AnthropicとOpenAI、ラボ内に安全評価者を置く構想

AnthropicとOpenAIが、AI安全性の新しいアプローチを模索しています。独立した評価者を自社ラボの中に置くというアイデアです。外部の専門家にモデル、学習パイプライン、展開の意思決定へ早い段階でアクセスしてもらい、製品が一般に公開される前にリスクを見つけようという狙いです。 研究者によれば、このレベルのアクセスは前例がないといいます。
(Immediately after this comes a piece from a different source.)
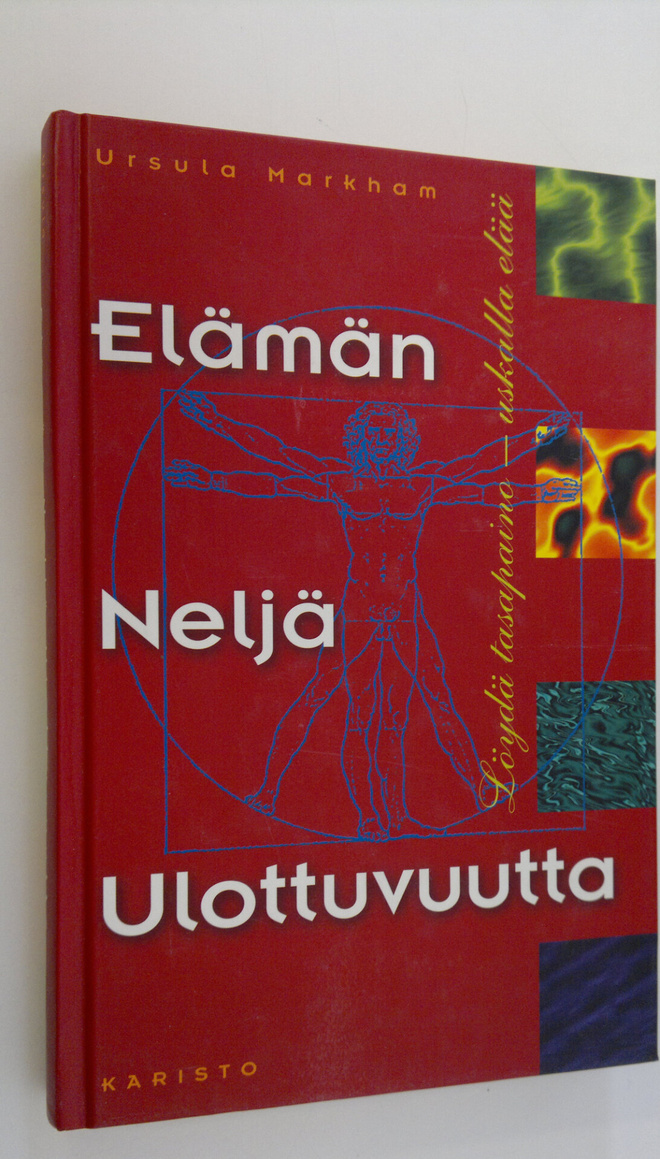 Ursula Markham : Elämän neljä ulottuvuutta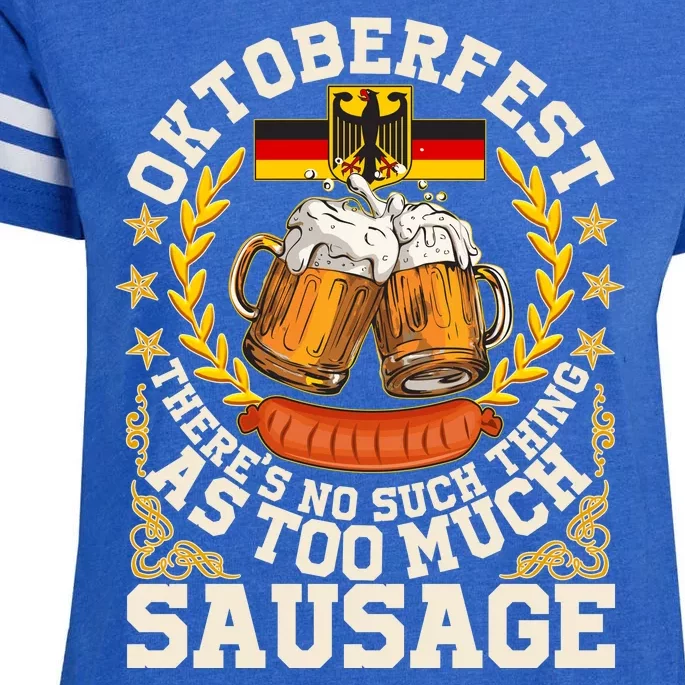 Oktoberfest There's No Such Thing As Too Much Sausage Enza Ladies Jersey Football T-Shirt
評価者が設計上の選択に影響を与え、危険な能力をテストし、修正コストがまだ低いうちに問題を指摘できる可能性があります。モデル出荷後の外部監査よりも早く問題を捕まえられる、というのが賛成派の主張です。 一方で批判派は、内部に入った評価者が結論を和らげる圧力を受けるのではと警告します。資金やキャリア、アクセスがラボに依存しているなら、商業的な優先事項に本当に異を唱えられるのか、というわけです。独立性、透明性、明確な報告ラインが不可欠になります。評価者には、懸念を公表し、規制当局にエスカレーションし、報復を受けずに離脱する権限も必要です。 この議論は、AIガバナンスのより大きな問いを映しています。強力なシステムを競って作る企業において、自発的な内部監視は機能するのか。専門家の一部は、内部レビューを有用な暫定策と見つつ、規制の代替にはならないと見ています。義務的な外部監査、安全基準、法的責任を求めています。逆に、ラボと評価者の密な協働が安全文化を高め、安全策の整備を速めると考える向きもあります。 現時点でAnthropicとOpenAIは関心を示しているものの、詳細は不明です。鍵となるのは、内部評価者が実権を持つのか、それとも広報用の一層にすぎなくなるのか。経営陣に異を唱え、リリースを左右し、リスクを開示できるなら、このモデルは説明責任を実質的に高めるかもしれません。できなければ、監視しているように見えるだけの幻想を作り、重要な決定はラボに残り続けるでしょう。